King Charles III was anointed and crowned on Saturday in Britain’s biggest ceremonial event in seven decades in a 1,000-year-old pageant.
Charles, 74, automatically succeeded his mother as king of the United Kingdom and 14 other realms including Canada and Australia when Queen Elizabeth died last September.
In front of a congregation of around 100 world leaders and a television audience of one million, the spiritual head of the Church of England slowly placed the 360-year-old St Edward’s Crown on Charles, the Archbishop of Canterbury, the spiritual leader of the Anglican Church, slowly placed the 360-year-old St Edward’s Crown on Charles’ head as he sat upon a 14th-century throne in Westminster Abbey.
Gun salutes were fired at the Tower of London and across the capital, the nation, in Gibraltar, Bermuda and on ships at sea. “God save King Charles. Long live King Charles.
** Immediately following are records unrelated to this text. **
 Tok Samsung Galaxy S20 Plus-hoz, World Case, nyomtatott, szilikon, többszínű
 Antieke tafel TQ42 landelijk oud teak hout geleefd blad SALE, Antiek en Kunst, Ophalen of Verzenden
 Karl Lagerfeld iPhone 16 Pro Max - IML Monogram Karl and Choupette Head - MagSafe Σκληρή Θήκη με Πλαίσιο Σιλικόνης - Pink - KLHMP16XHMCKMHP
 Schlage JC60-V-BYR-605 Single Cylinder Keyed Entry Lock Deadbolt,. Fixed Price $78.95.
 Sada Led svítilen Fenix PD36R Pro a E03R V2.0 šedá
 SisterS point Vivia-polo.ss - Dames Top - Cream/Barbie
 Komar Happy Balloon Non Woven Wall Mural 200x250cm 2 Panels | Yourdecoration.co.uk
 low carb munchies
May the king live forever,” the congregation at the abbey said after a trumpet fanfare.
During the solemn two-hour service, elements of which date back to the time of King William the Conqueror in 1066, Charles’ second wife Camila was also crowned queen.
Charles’ eldest son and heir Prince William, 40, knelt before his father to pledge his loyalty as his “liege man of life and limb”.
Much of the ceremony featured elements that Charles’ forebears right back to King Edgar in 973 would recognise, officials said. Handel’s coronation anthem “Zadok The Priest” was sung as it has been at every coronation since 1727.
A massive military parade ensues, gun salutes, thousands of soldiers giving three cheers, and the King and Queen waving their hands from Buckingham Palace balconies to the cheering crowds gathered on Mall Boulevard. When shaken, a scaled-down military aircraft flew by.